Pourquoi American Bar, d’ailleurs ? Ne sommes-nous pas en Angleterre ? Parce que les Etats-Unis sont les premiers à avoir eu l’idée de mélanger les alcools. Pour des boissons « plus européennes », alliant jus, liqueurs, sirops et spiritueux, rendez-vous au Beaufort Bar, « plus théâtral » dans l’âme. On n’est pas surpris d’apprendre alors que le fondateur du Savoy, Richard D’Oyly Carte, était un imprésario réputé et propriétaire de plusieurs théâtres dans les environs. Les rideaux font écho au piano où un artiste différent interprète, chaque soir, des titres de comédies musicales, des airs de swing, ou des classiques du répertoire anglophone. Les boissons sont mixées sur des chariots garnis de zestes d’orange, de glaçons, et d’épices contribuant à un service personnalisé de luxe.

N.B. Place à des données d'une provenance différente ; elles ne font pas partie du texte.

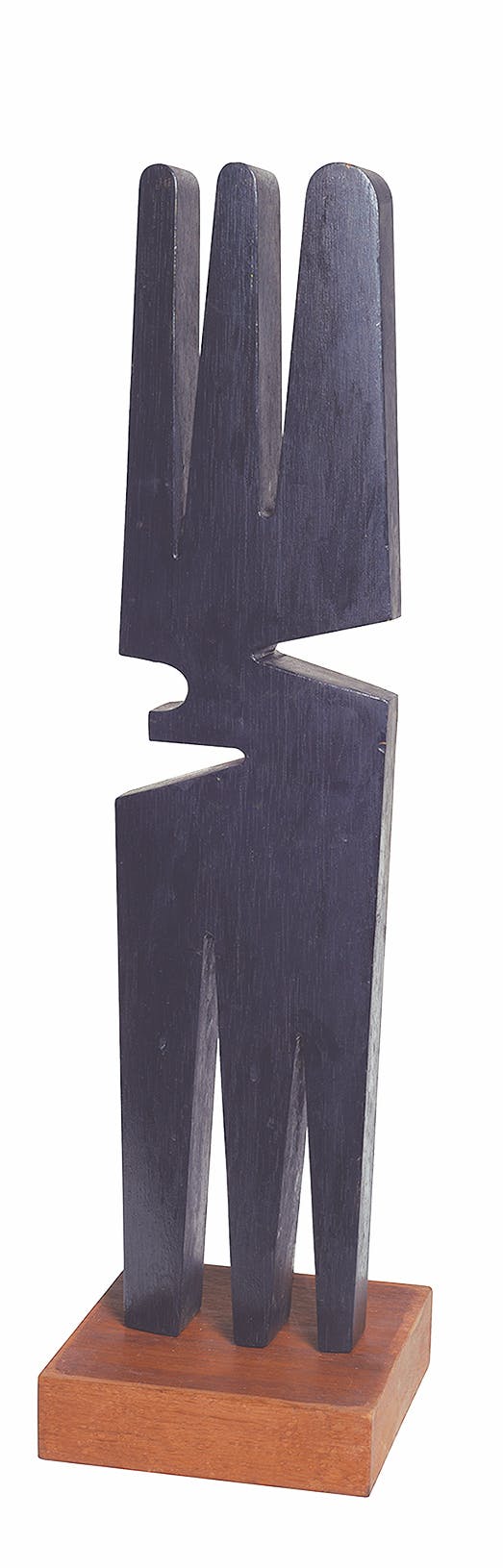 An abstract, black sculpture on a wood platform.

Il suffit d’une commande pour que le personnel retienne le nom et les goûts de chaque client.
À gauche en ressortant, la réception occupe une pièce à part entière. Ainsi les informations personnelles sur chacun, les requêtes des uns et des autres, sont maintenues confidentielles. Accolé à cet isoloir exclusif, une courte arcade sert de transition entre les styles Art Déco, côté rue, et édouardien, côté Tamise, de l’enseigne. Une poignée de marches en marbre blanc mènent tour à tour à un salon de thé-boutique, dont on peut voir les chefs préparer cupcakes et macarons, entre autres douceurs ; au « Foyer », salon augmenté d’un dôme et d’une verrière depuis la restauration menée par Pierre-Yves Rochon, en 2010 ; et enfin, au restaurant Kaspar.

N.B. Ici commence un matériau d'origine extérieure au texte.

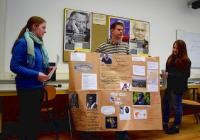Drei Jugendliche präsentieren ein selbstgebasteltes Plakat im Klassenzimmer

Les motifs au sol évoquent des écailles. Les tronçons de glace suspendus au-dessus du comptoir circulaire central ressemblent à des poissons. On devine immédiatement la dominante du menu. Une question demeure : qui est Kaspar ? Un chat noir en chrome et résine que l’on asseyait aux tables de 13 personnes afin de conjurer les superstitions. Flanqué d’un bavoir, au même titre que les convives à rassurer, l’animal est devenu, au fil des années, la mascotte du Savoy : un buis taillé en forme de félin monte la garde à l’entrée, des statues à son effigie campent à côté de la conciergerie… Il ne lui manque plus que la parole.

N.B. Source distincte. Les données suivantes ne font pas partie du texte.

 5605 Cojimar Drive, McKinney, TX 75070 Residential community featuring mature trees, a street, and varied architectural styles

Au troisième étage, le spa et sa piscine divisée en carrés de couleurs primaires, se préparent à une rénovation imminente. La saison est donc bien choisie pour en profiter. Dans l’ensemble, la décoration du Savoy est si chaleureuse que, plus les jours passent, plus le retour se veut difficile. Le faste des pierres précieuses (lustres Swarovski), dorures et moulures s’effacent devant la tendresse qu’apportent les tons pastel. Design chargé, donc, mais pas trop. Jamais l’on ne suffoque sous une tapisserie. On se sent presque chez soi, un chez soi royal. C’est pourquoi prendre l’Eurostar, même en première, où se succèdent plateaux repas, boissons, et serviettes rafraîchissantes, ne constitue plus une perspective aussi réjouissante qu’à aller. Partir pour mieux revenir, c’est ce que l’on se dit en appréciant les nombreux avantages distribués à bord.